Material provided:

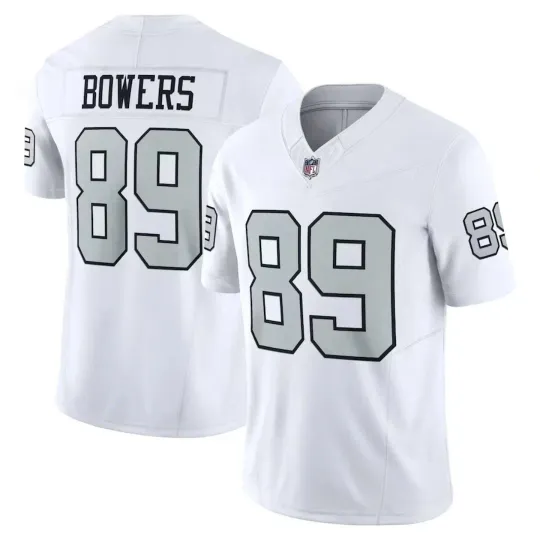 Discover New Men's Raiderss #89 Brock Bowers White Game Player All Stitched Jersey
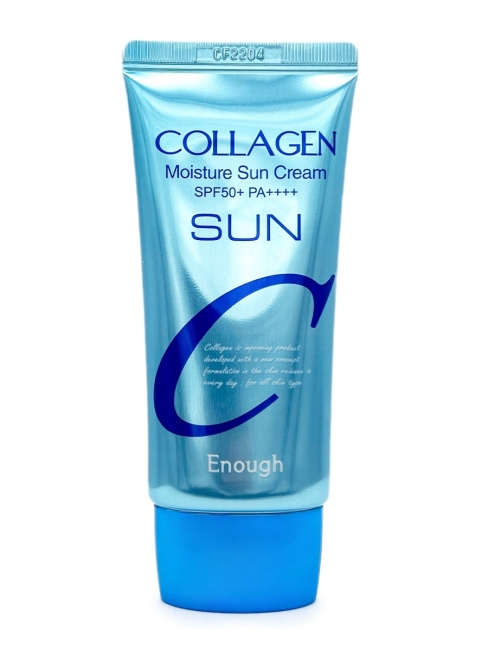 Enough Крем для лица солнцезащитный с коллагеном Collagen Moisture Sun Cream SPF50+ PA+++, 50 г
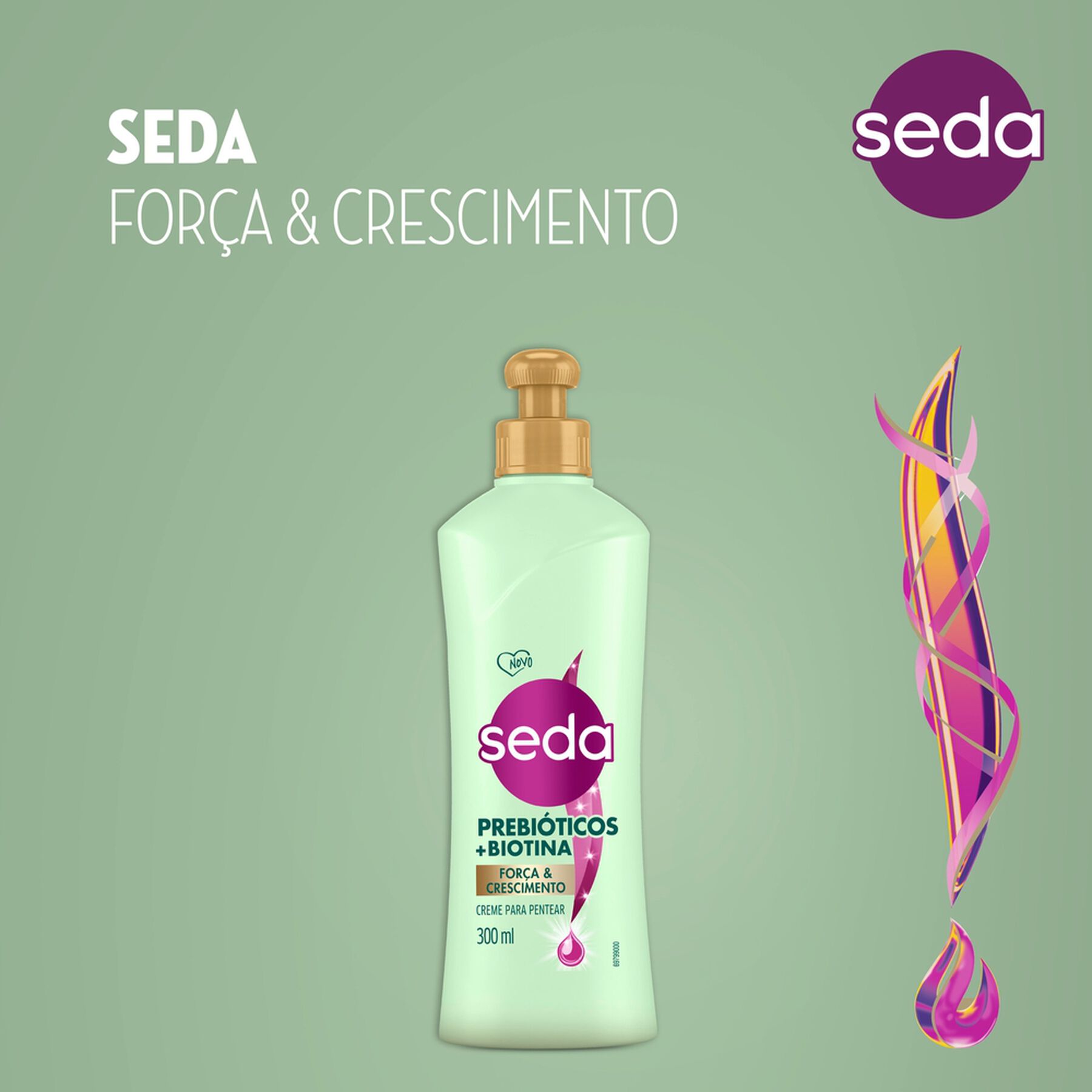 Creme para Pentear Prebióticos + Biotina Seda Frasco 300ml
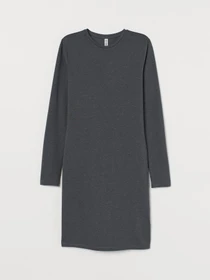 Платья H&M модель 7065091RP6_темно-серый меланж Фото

What you are asked to do:
Extract the lines exactly, please: the first line of the listing, the line with "Creme para Pentear", and every line between them, but no pictures.

Task solution:
 Discover New Men's Raiderss #89 Brock Bowers White Game Player All Stitched Jersey
 Enough Крем для лица солнцезащитный с коллагеном Collagen Moisture Sun Cream SPF50+ PA+++, 50 г
 Creme para Pentear Prebióticos + Biotina Seda Frasco 300ml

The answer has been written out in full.